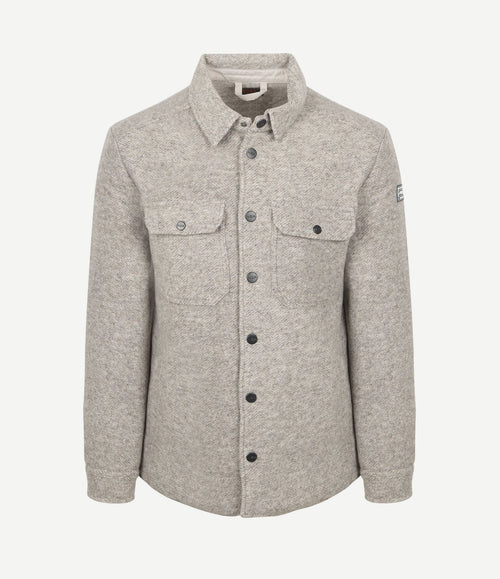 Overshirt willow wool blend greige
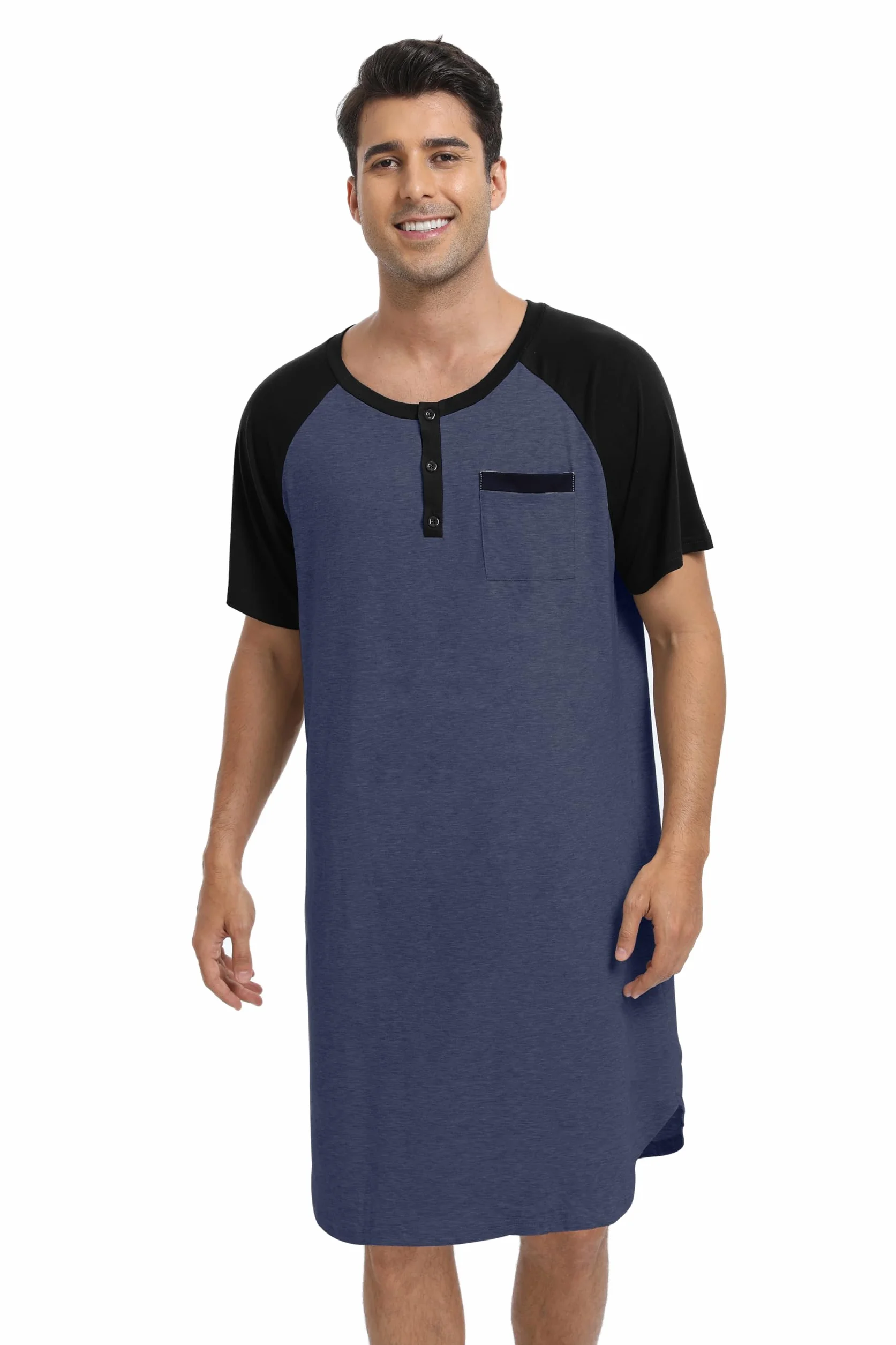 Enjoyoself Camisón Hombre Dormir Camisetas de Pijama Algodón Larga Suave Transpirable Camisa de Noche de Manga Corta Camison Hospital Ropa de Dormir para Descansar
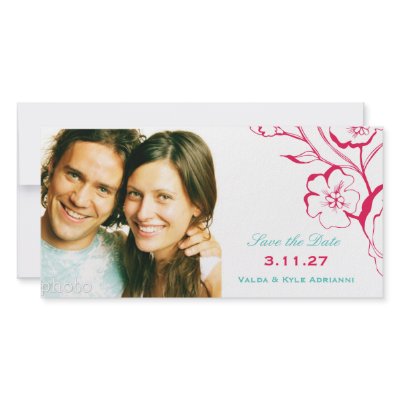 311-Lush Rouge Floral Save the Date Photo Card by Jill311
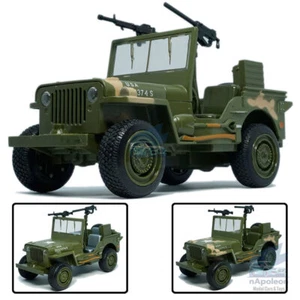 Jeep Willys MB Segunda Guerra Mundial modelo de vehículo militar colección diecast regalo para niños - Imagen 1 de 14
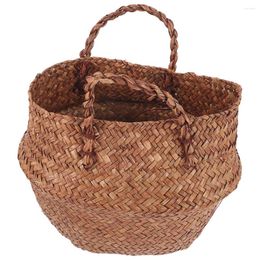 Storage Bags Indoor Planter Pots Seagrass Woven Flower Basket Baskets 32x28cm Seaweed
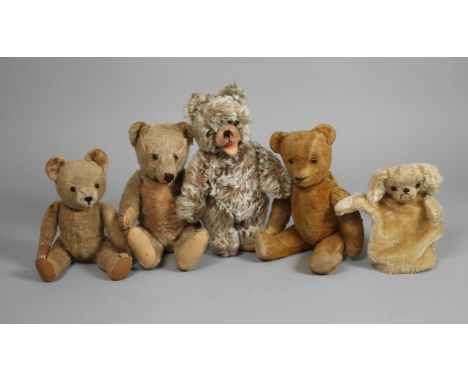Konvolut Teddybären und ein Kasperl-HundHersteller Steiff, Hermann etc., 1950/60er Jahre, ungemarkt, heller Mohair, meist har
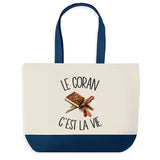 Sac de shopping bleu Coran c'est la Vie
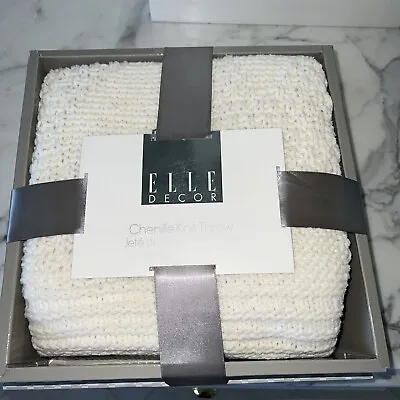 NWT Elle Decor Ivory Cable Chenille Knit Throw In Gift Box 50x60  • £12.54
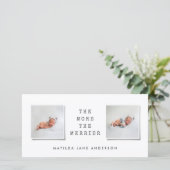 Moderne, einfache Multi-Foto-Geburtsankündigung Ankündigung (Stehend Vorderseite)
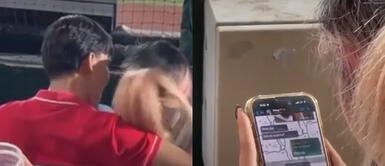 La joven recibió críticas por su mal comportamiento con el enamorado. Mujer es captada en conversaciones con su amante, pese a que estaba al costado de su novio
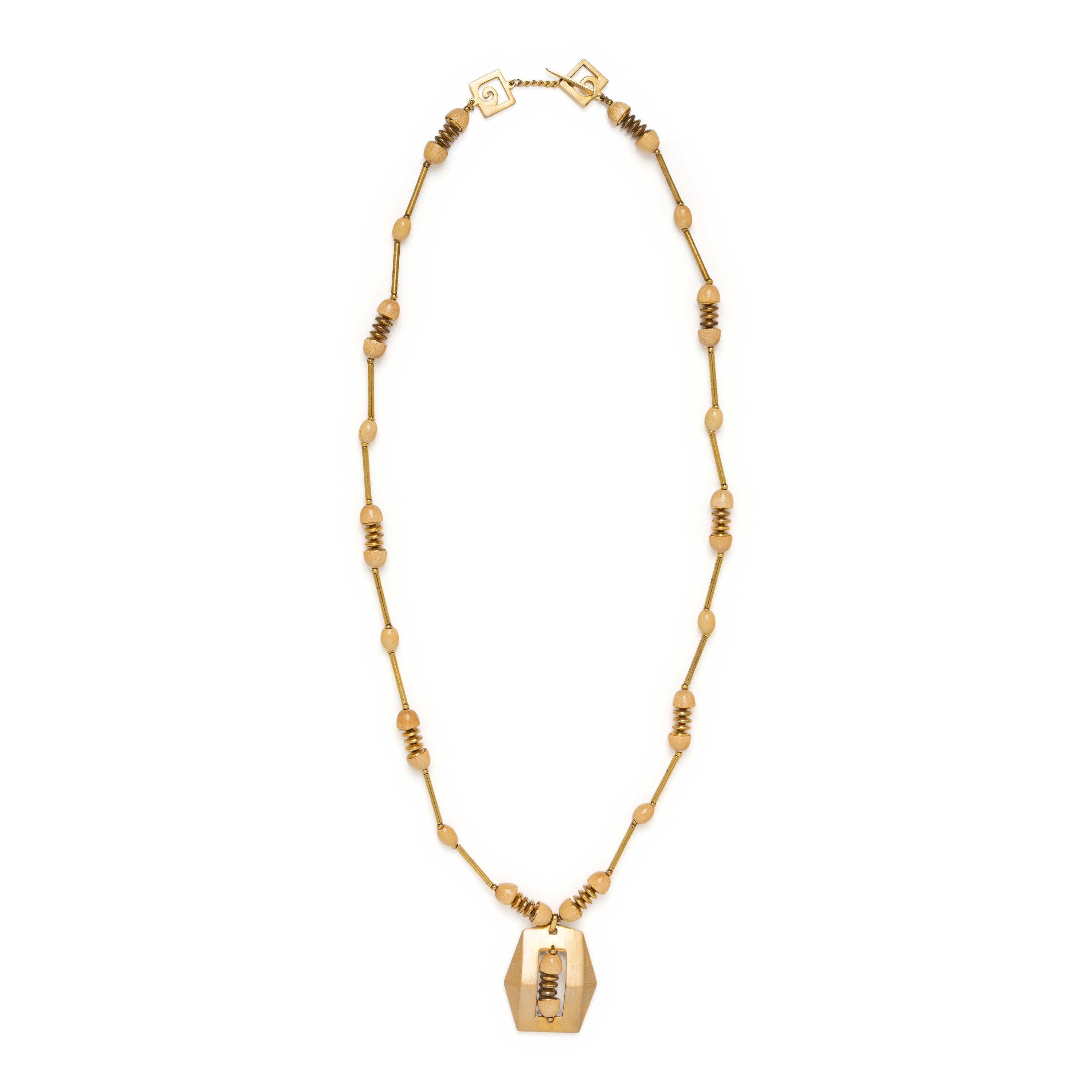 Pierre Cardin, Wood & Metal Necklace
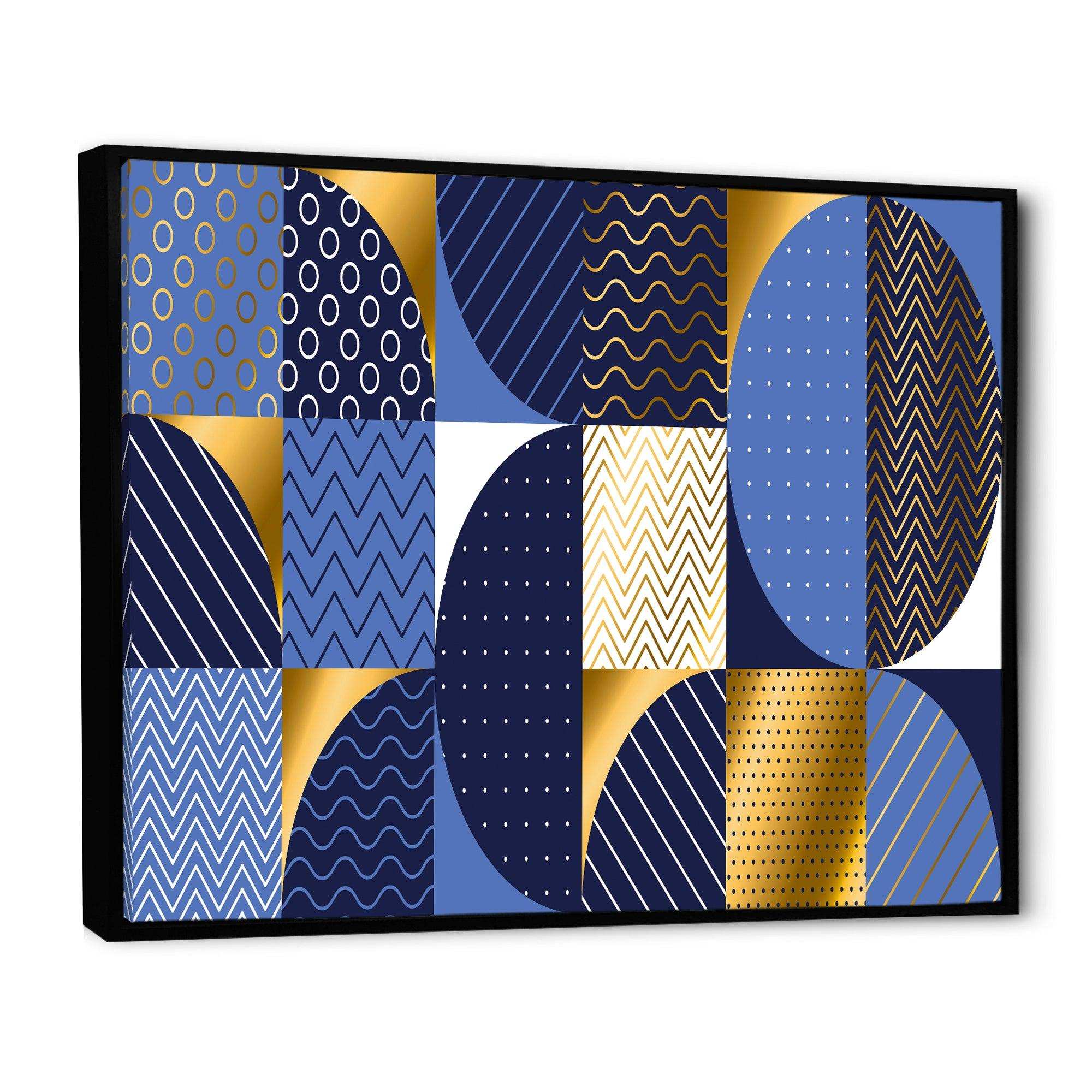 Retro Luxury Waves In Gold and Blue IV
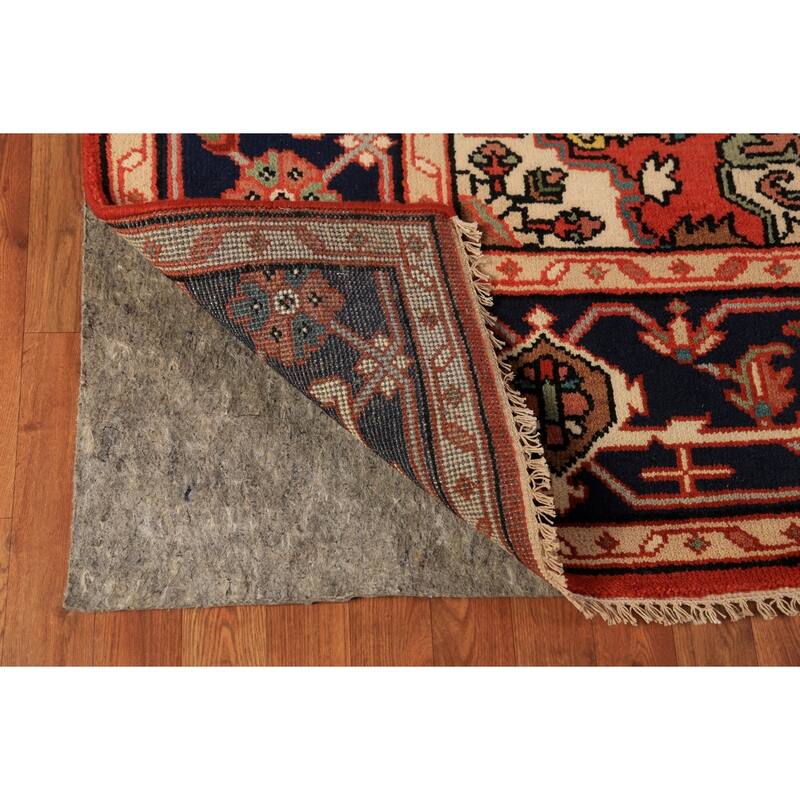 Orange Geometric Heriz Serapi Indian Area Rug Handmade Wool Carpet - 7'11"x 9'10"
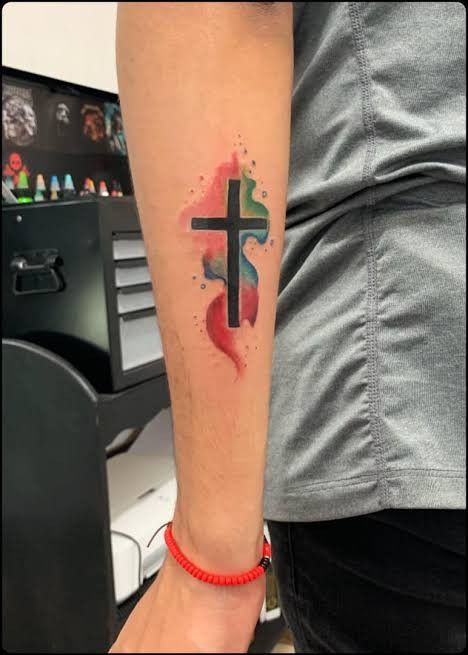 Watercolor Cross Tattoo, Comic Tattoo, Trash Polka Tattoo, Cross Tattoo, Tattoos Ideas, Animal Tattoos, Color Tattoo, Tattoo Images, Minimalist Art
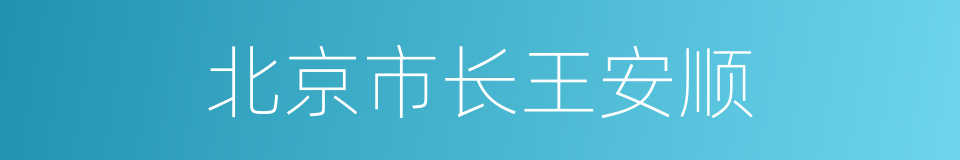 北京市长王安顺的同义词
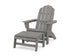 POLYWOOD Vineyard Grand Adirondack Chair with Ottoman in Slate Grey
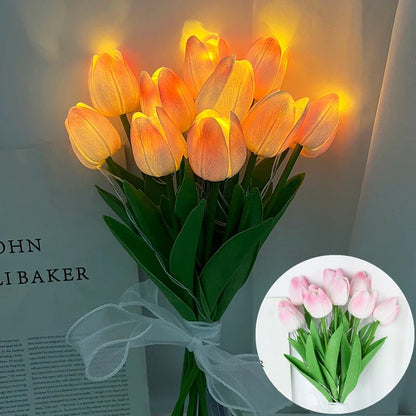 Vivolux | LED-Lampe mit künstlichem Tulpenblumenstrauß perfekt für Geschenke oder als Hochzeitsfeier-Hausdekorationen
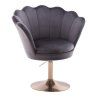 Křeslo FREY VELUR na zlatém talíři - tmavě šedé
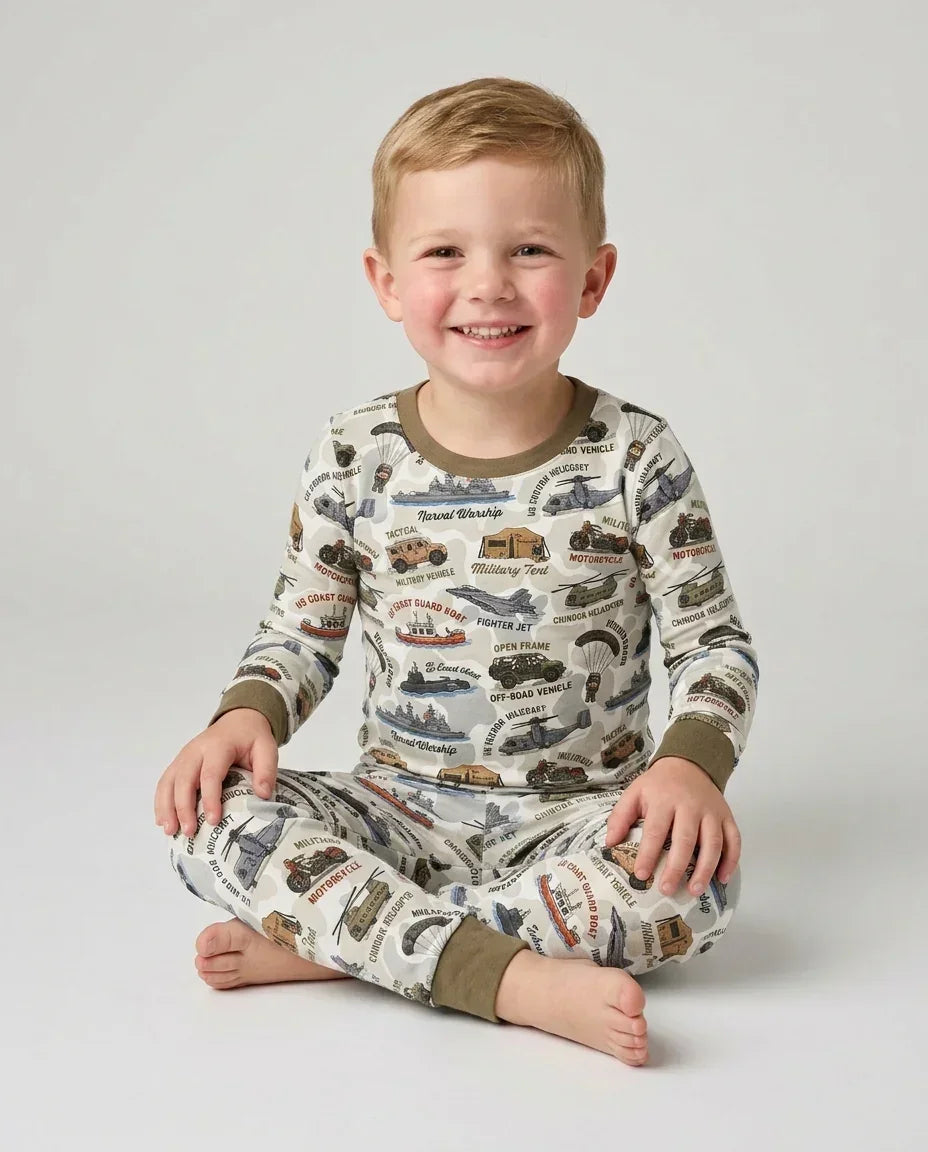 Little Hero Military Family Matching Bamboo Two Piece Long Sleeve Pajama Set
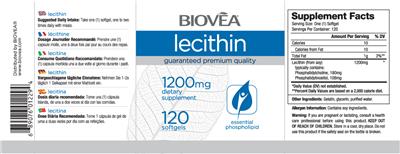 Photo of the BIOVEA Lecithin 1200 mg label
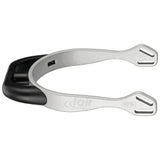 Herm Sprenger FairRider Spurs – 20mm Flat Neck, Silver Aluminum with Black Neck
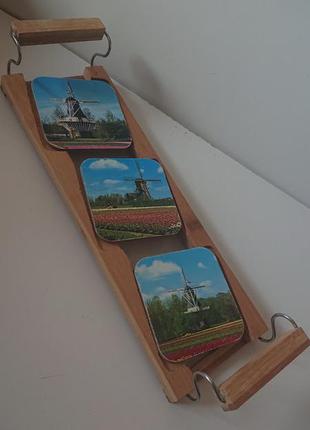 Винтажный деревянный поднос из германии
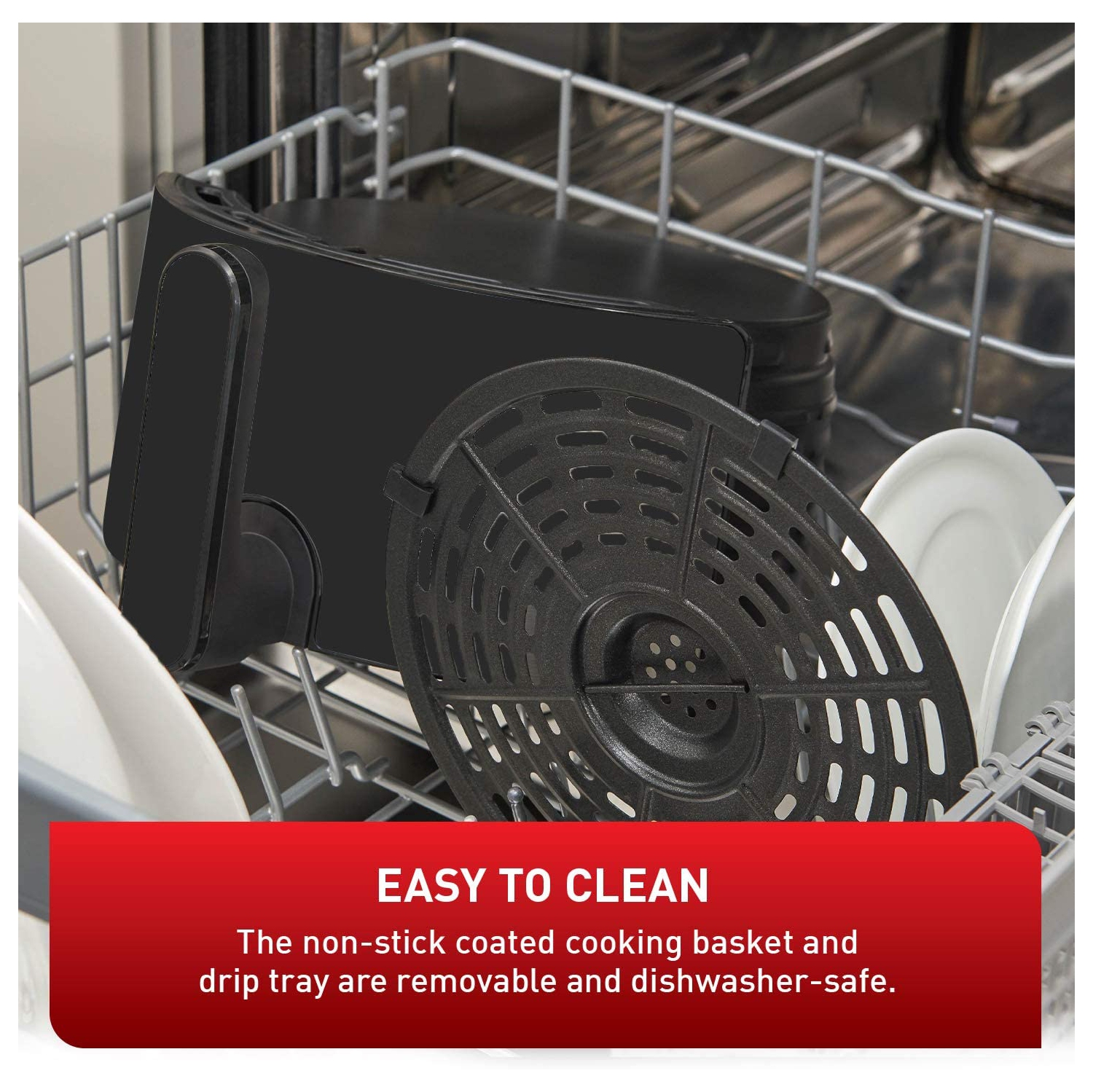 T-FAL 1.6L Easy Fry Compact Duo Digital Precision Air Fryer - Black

» **WORK TO BE COMPLETED**: Each line from the one containing "Moderne, einfache Multi-Foto-Geburtsankündigung" down to the final line of the records above must be reproduced exactly; no pictures go into the copy.

» **YOUR RESPONSE**:
 Moderne, einfache Multi-Foto-Geburtsankündigung Ankündigung (Stehend Vorderseite)
 La joven recibió críticas por su mal comportamiento con el enamorado. Mujer es captada en conversaciones con su amante, pese a que estaba al costado de su novio
 Pierre Cardin, Wood & Metal Necklace
 Retro Luxury Waves In Gold and Blue IV
 Orange Geometric Heriz Serapi Indian Area Rug Handmade Wool Carpet - 7'11"x 9'10"
 Watercolor Cross Tattoo, Comic Tattoo, Trash Polka Tattoo, Cross Tattoo, Tattoos Ideas, Animal Tattoos, Color Tattoo, Tattoo Images, Minimalist Art
 北京市长王安顺的同义词
 POLYWOOD Vineyard Grand Adirondack Chair with Ottoman in Slate Grey
 Vivolux | LED-Lampe mit künstlichem Tulpenblumenstrauß perfekt für Geschenke oder als Hochzeitsfeier-Hausdekorationen
 Křeslo FREY VELUR na zlatém talíři - tmavě šedé
 Little Hero Military Family Matching Bamboo Two Piece Long Sleeve Pajama Set
 Photo of the BIOVEA Lecithin 1200 mg label
 Herm Sprenger FairRider Spurs – 20mm Flat Neck, Silver Aluminum with Black Neck
 Винтажный деревянный поднос из германии
 T-FAL 1.6L Easy Fry Compact Duo Digital Precision Air Fryer - Black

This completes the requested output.